On Wednesday 23 November 2016 the new Chancellor Philip Hammond
presented to Parliament the economic and fiscal forecast of the Office for
Budget Responsibility (OBR).
Legislation requires the OBR to forecast on the basis of existing
Government policy and in the context of looming Brexit negotiations this
has proved to be far from straightforward. The OBR have no information
about the Government’s goals or expectations for those negotiations, that
are not already in the public domain.
Brexit negotiations will determine the scope and scale of any ongoing
financial flows between the UK and EU. Although the OBR cannot make a
precise forecast they have produced a ‘no referendum’ counterfactual – a
forecast of the flows as if the UK had not voted to leave the EU, on an
assumption of greater resulting domestic spending.

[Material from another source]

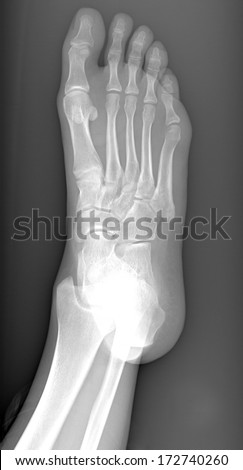 Left foot MRI, patient\'s data cloned out.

The EU referendum has so far had little effect on overall economic growth.
Consumer spending has continued to underpin growth, while business
investment has continued to be weak.
Since November 2015 economic developments have been disappointing with the
outlook for productivity growth in particular, and consequently public
finances, looking much weaker.
Hence, the budget deficit has been revised up by £12.7 billion this year
primarily owing to a weakness in income tax receipts that largely
pre-dates the referendum.
The annual publication of the Blue Book enables the Office for National
Statistics (ONS) to make methodological changes, incorporating new data
into GDP growth estimates for the UK:
Economic growth slowed in 2015, while remaining convincingly within
historic norms at 2.2%, once again underpinned by further increasing
consumer spending. GDP has now increased for 15 consecutive quarters and
is estimated to be over 8% above the pre-economic downturn peak.
GDP by Expenditure: household consumption is still the largest element of
expenditure, accounting for 62% of the total in 2015. Government
consumption accounted for 19% and investment for 17%.
In 2015, the service industries accounted for 80% of total UK economic
output (83% of UK jobs).
The “Markit/CIPS” UK Services Purchasing Managers’ Index is an important
indicator of output and confidence for service industries, including
retail, financial and cultural activities. In October the index was 54.5,
up from 52.6 in September. July had seen a substantial fall in the index
(to 47.4) but August and September were similar to that before the EU
A figure above 50 is taken as a signal that UK output is increasing.
Confidence surveys released ahead of statistical data indicate changes and
turning points in the economic cycle, these also tend to now show the same
confidence levels as seen before the Brexit vote.
Nevertheless, the OBR expect the growth rate of UK GDP to slow in the next
year owing to uncertainty, migration, delayed business investment and the
falling value of the pound. Their 2017 growth forecast next year dips to
1.4% and 2018: to 1.7%; growth remaining positive with no ‘job shedding’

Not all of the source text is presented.